Will TPOXX be approved for monkeypox?
The FDA and CDC are looking for completed studies of TPOXX in people with monkeypox before expanding the drug’s current approval to include monkeypox. Even before the current outbreak, the National Institute of Allergy and Infectious Diseases, a branch of the National Institutes of Health (NIH), started a study of the drug among people infected with monkeypox in the Democratic Republic of Congo.
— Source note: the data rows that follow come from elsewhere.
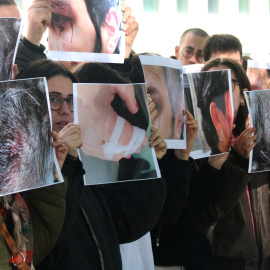 Joves amb imatges de les lesions patides pels protestants en el marc del desallotjament de la Massana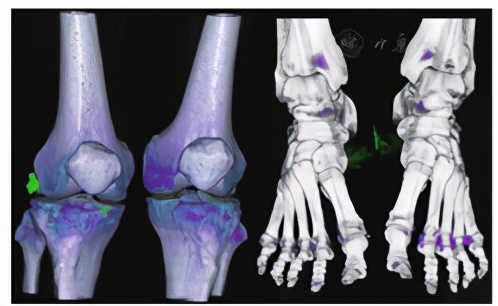 痛风性膝关节炎能治好吗,痛风性膝关节炎肿胀的治疗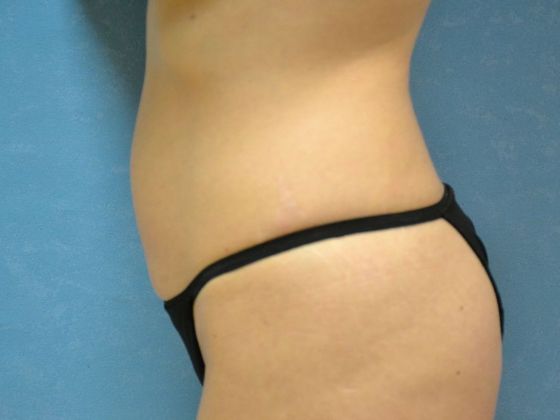 Tummy Tuck: Case 1677- Sylvania, OH - Before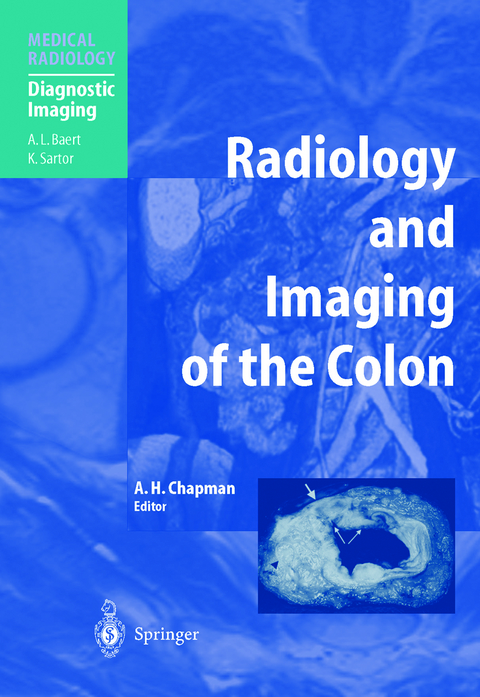 Radiology and Imaging of the Colon -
Because of the outbreak, the AIDS Clinical Trials Group, operated by the NIH, is also launching a new study of monkeypox patients in the U.S. to better understand how effective the drug is in controlling symptoms, and also how it affects patients if given together with the monkeypox vaccine. Based on animal studies that SIGA has performed, Hruby says that the drug does not appear to interfere with the process of developing immunity among people who have been vaccinated with either of the monkeypox vaccines: Jynneos or ACAM2000. The company had already begun studying healthy people who have been both vaccinated and then given TPOXX to determine if the combination is safe; the data will also help researchers to better understand how the immune system reacts to both the drug and vaccine if they are given together.